— INSTRUCTIONS FOR THE TASK —
Exactly as written, return all the data, leaving its pictures behind.

— MATERIAL PROVIDED —

____

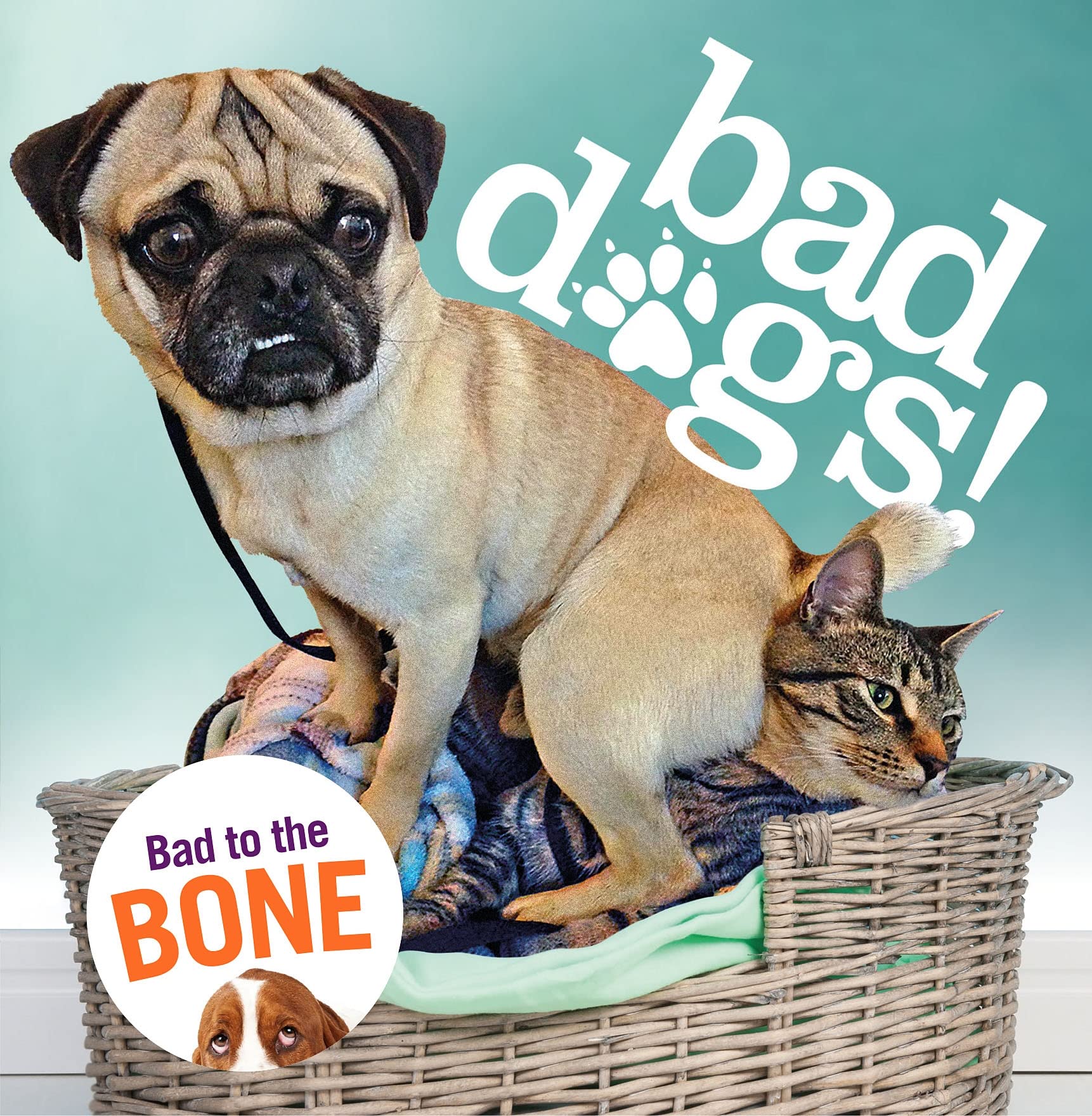 Bad Dogs,Used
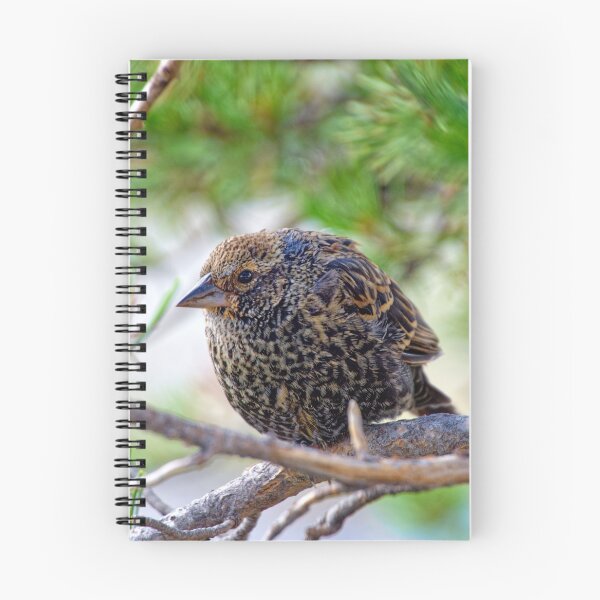 Item preview, Bird on a branch, Yellowstone Wyoming designed and sold by littlecolor.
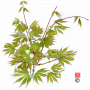 graines d'acer matsumurae green trompenburg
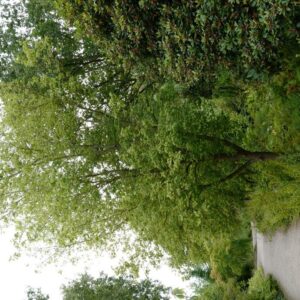 Acer negundo texanum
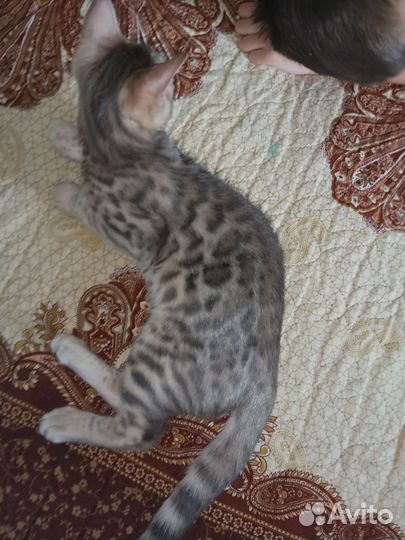 Бенгальские котята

____

— OUTPUT —
 Bad Dogs,Used
 Item preview, Bird on a branch, Yellowstone Wyoming designed and sold by littlecolor.
 graines d'acer matsumurae green trompenburg
 Acer negundo texanum
 Бенгальские котята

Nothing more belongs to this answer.